The consulting firm’s research also shows that the region will produce at least 10 new “unicorns”, companies that rapidly achieve market valuations of US$1 billion or more by 2024.
Bain noted that the number of companies in Indonesia raising a first round of funding in 2017 rose more than 300% from 2012. Together, Indonesia and Vietnam generated 20% of the region’s private equity deal value over the past five years, and is likely to grow further.
The hottest Southeast Asian market outside of Singapore will be Indonesia and Vietnam, according to nearly 90% of investors in a recent Bain survey.
“Investment in Southeast Asia over the past decade has been surprisingly low, given the region’s average economic growth of 7% a year, a burgeoning middle class and a rapidly growing pool of digital natives — conditions that ignited a powerful investment dynamic in the ASEAN countries” said Bain’s senior adviser in Southeast Asia, Suvir Varma.
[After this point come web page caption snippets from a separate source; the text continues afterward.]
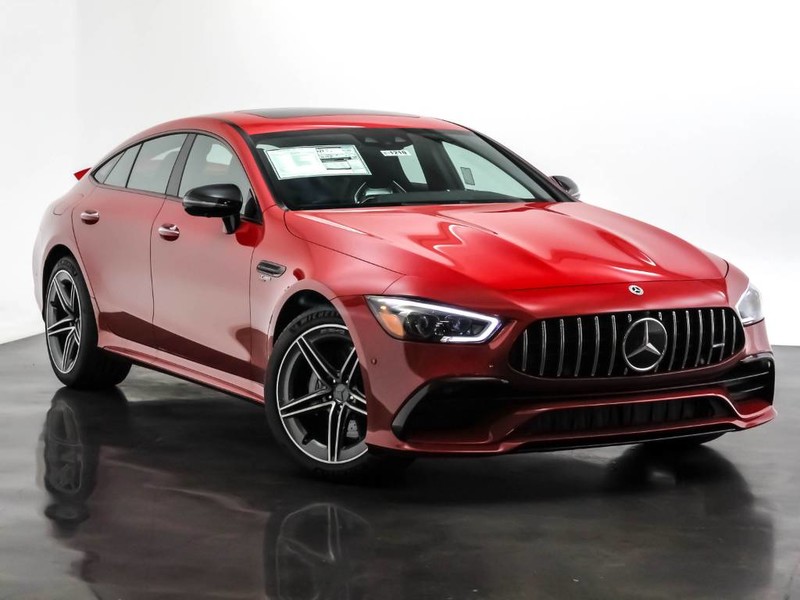 MERCEDES-AMG GT53 4MATIC (4-DOOR)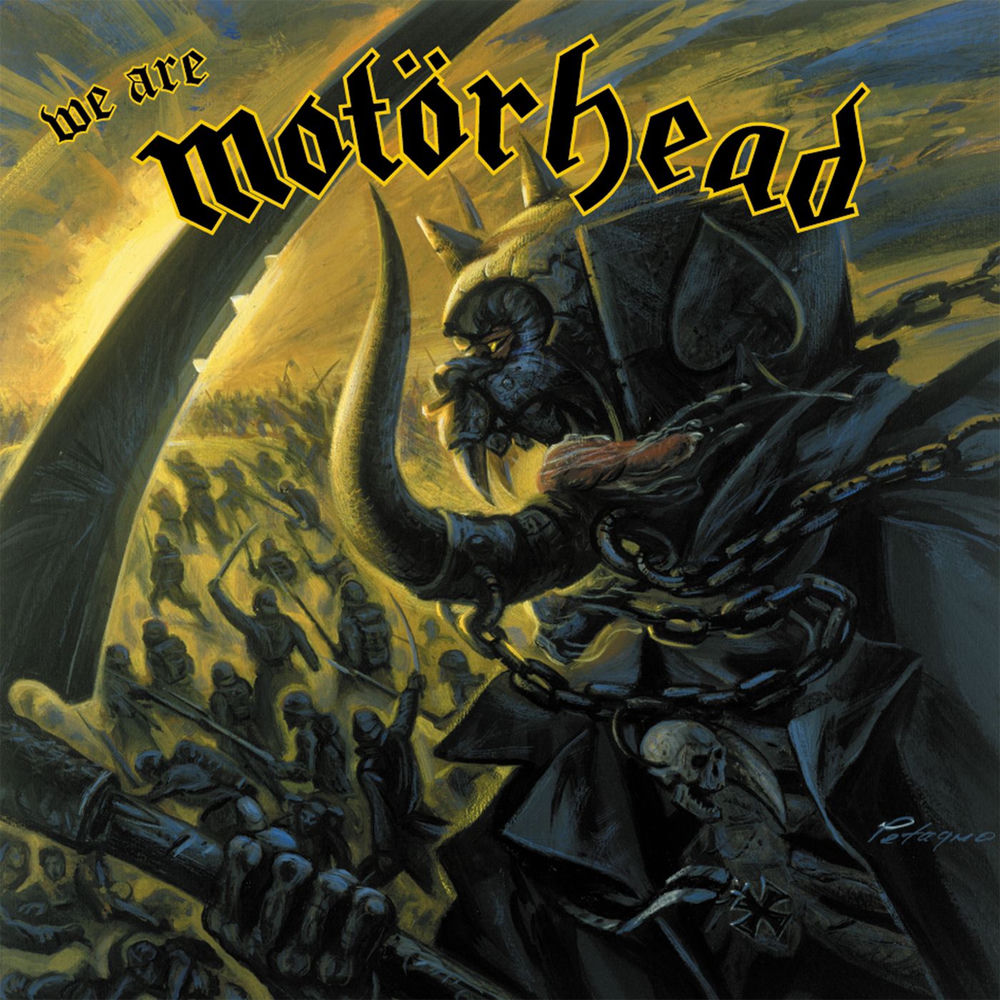 Motörhead – We Are Motörhead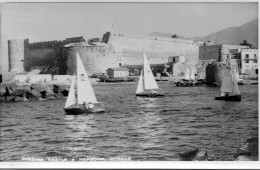 Cyprus - Kyrenia Castle And Harbour ( Type Carte Photo) - Chypre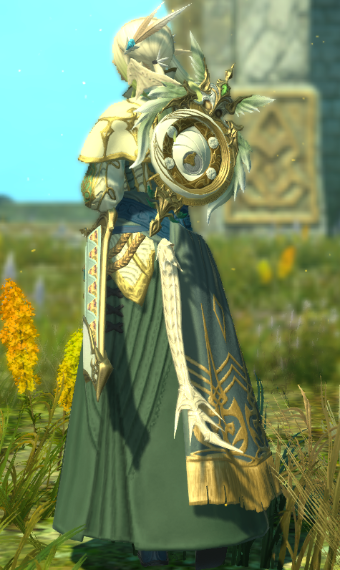 Glamour image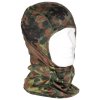 Kukla letní kombinovaná Flecktarn BW Balaclava Mission 1 Hole Bundeswehr Camo MFH® 10896V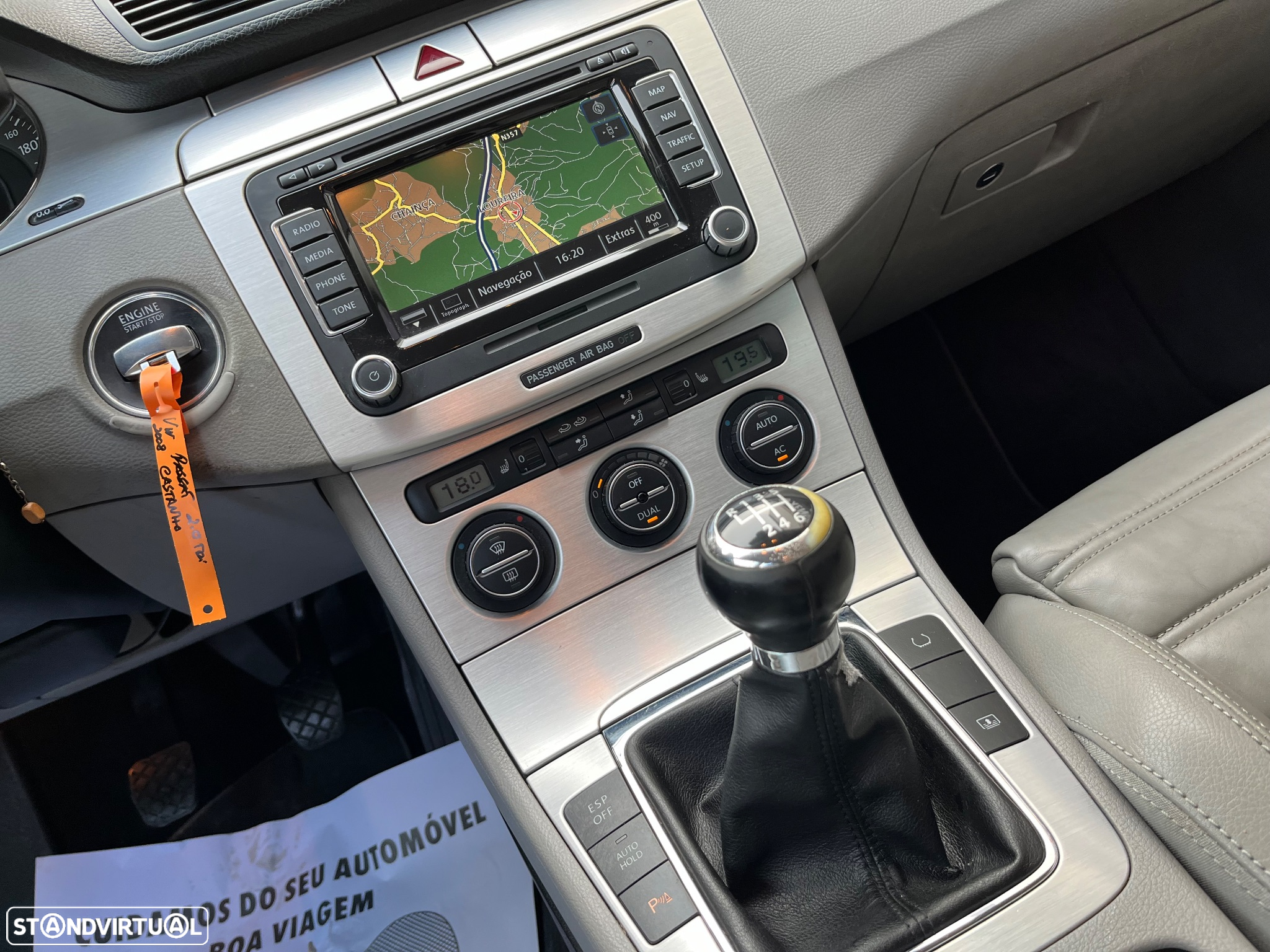 VW Passat 2.0 TDI Highline - 15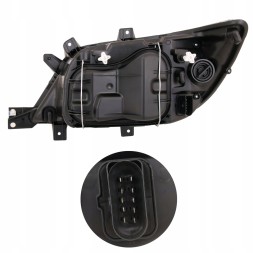 AYFAR 5064093E + 5064103E MHM TUNING Фара Передня Mercedes Sprinter 901 W901 Рестайлінг 2003-2006 комплект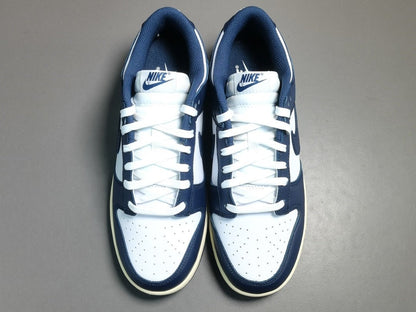 NIKE Dunk - Vintage Sneakers - Navy Unisex Streetwear Limited Edition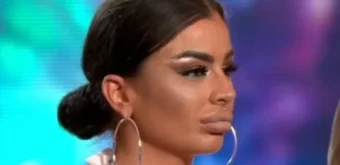 PROMIJENILA LIČNI OPIS! Isplivala fotka Sanje Grujić iz rijalitija prije plastičnih operacija! (FOTO)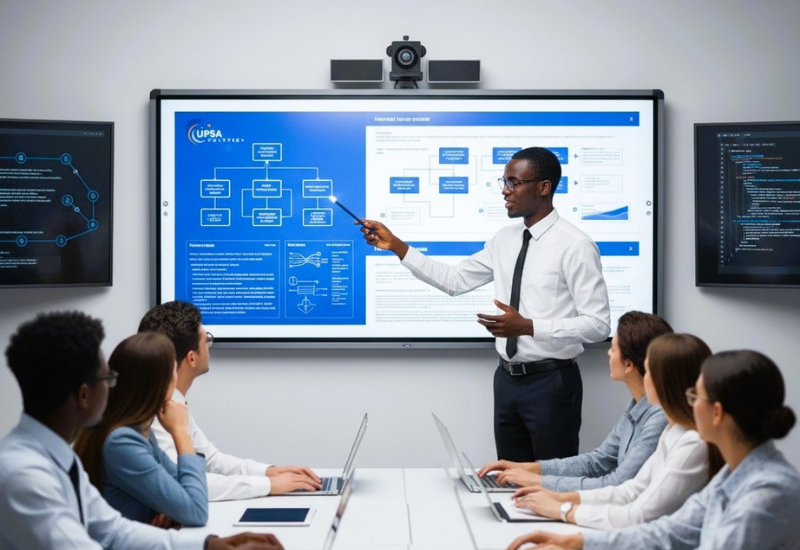 Certificat Exécutif Audit Financier International (AFI) – Orientation Big Four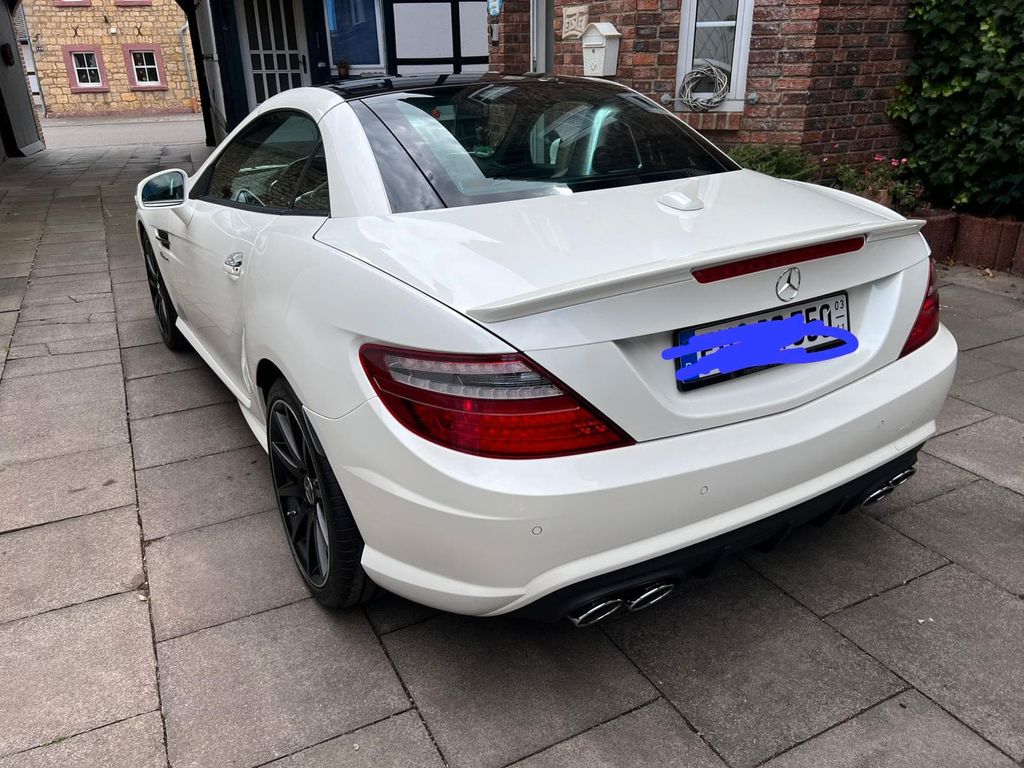 Mercedes-Benz SLK 55 AMG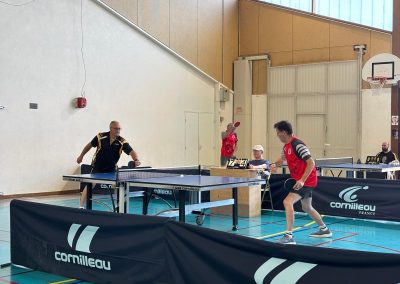 Journée Championnat départemental 9 mai 2026 à Tignieu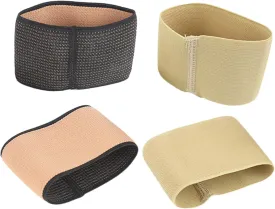 2 Pairs Arch Support Foot Sleeves Comfortable Flatfoot Sleeve for Running Walking Sports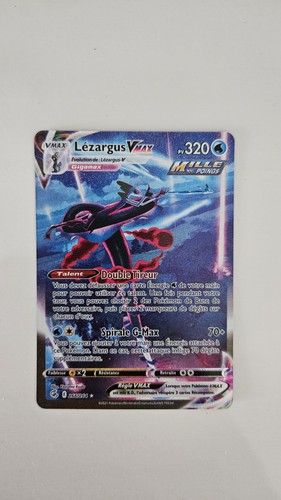 Carte pokemon lézargus - carte,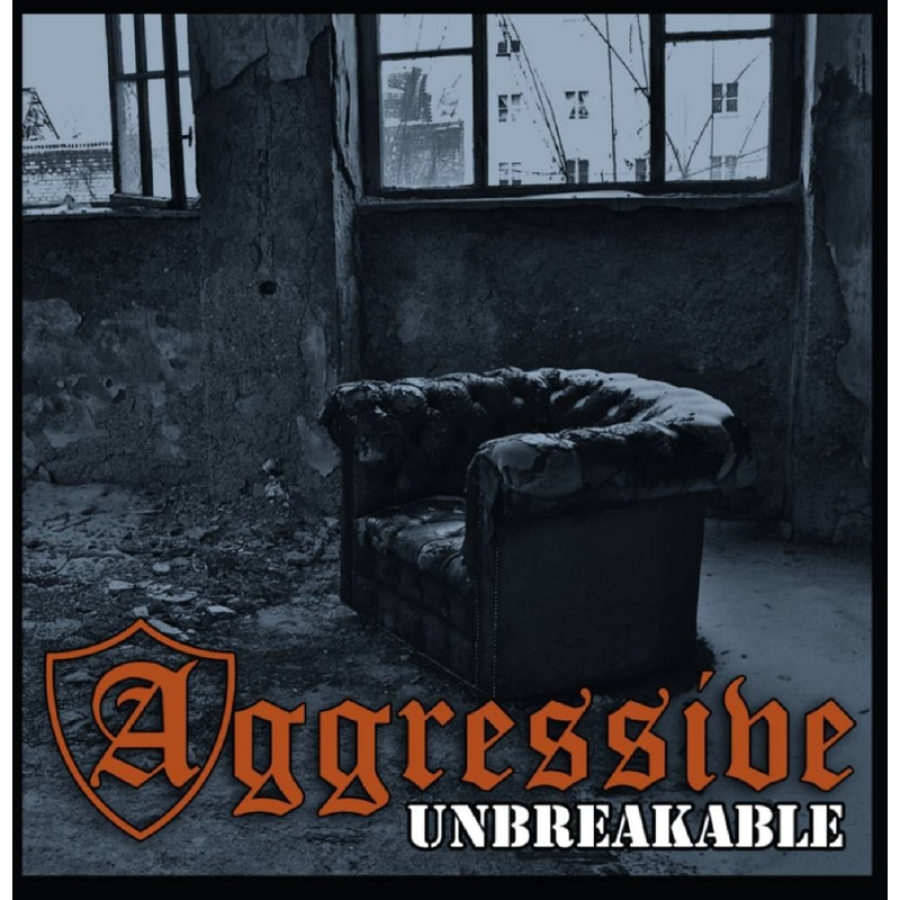 Aggressive ‎– Unbreakable / LP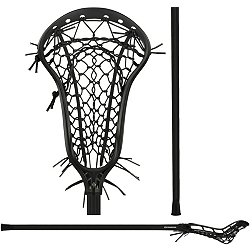Stringking Women's Complete 2 Pro Midfield Lacrosse Stick With Composite Pro Shaft - Mid Pocket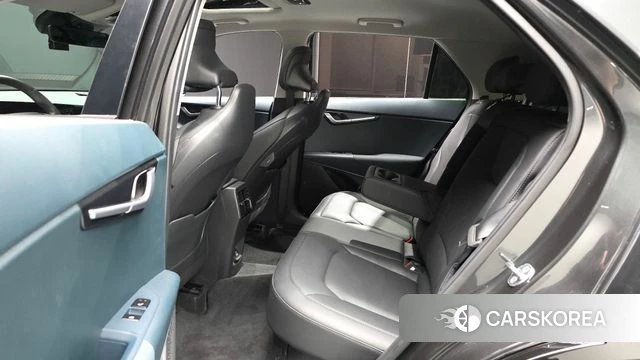 Kia Di Ol Nu Niro 2022 Серый из Кореи, фото 3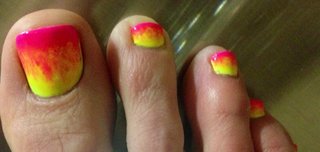 Dayna Devon feet photo 16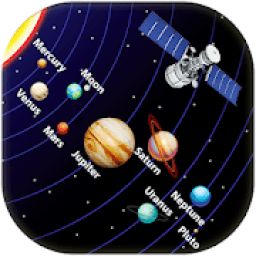 ISS Satellite Detector-Live HD Space View icon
“By contrast, private equity investment in this region hovered for years between roughly US$6 billion and US$9 billion. As a result, the tipping point took longer to reach, but years of having the right conditions in place helped speed the transition to this next phase of growth,” Varma added.
Bain highlighted that in 2017, the number of recorded venture capital deals rose to 524, four times the level of 2012, and private equity deal value rose 75% to US$15 billion.
More than 1,300 start-ups in Southeast Asia received a first round of seed, or Series A, financing since 2011, including 261 in 2017 — five times the level of 2011.
These factors have contributed to higher investment activity in the region.
Japan and Southeast Asia saw the biggest gains last year. Investment deal value in Japan rose to $25 billion—up 269% over the average from 2012 to 2016, and Southeast Asia deal value jumped to $20 billion, an increase of 182% over the same five-year average.
“Investing in Southeast Asia is taking off, but new challenges — notably intensifying competition and rising valuations, which are at their highest level in a decade — will require investors to tread carefully,” said Bain & Company principal Alex Boulton.
“At the same time, uncertainty about global economic growth is rising, and new technologies are accelerating disruption across many industries, which could turn up the pressure in sectors such as healthcare and medtech,” Boulton added.
Bain’s research also shows that those that succeed in adding significant value to their companies share a common approach based on four principals: taking an Asean perspective when evaluating deals, identifying the right talent, building commercial excellence to boost organic growth, and fully utilising digital technologies.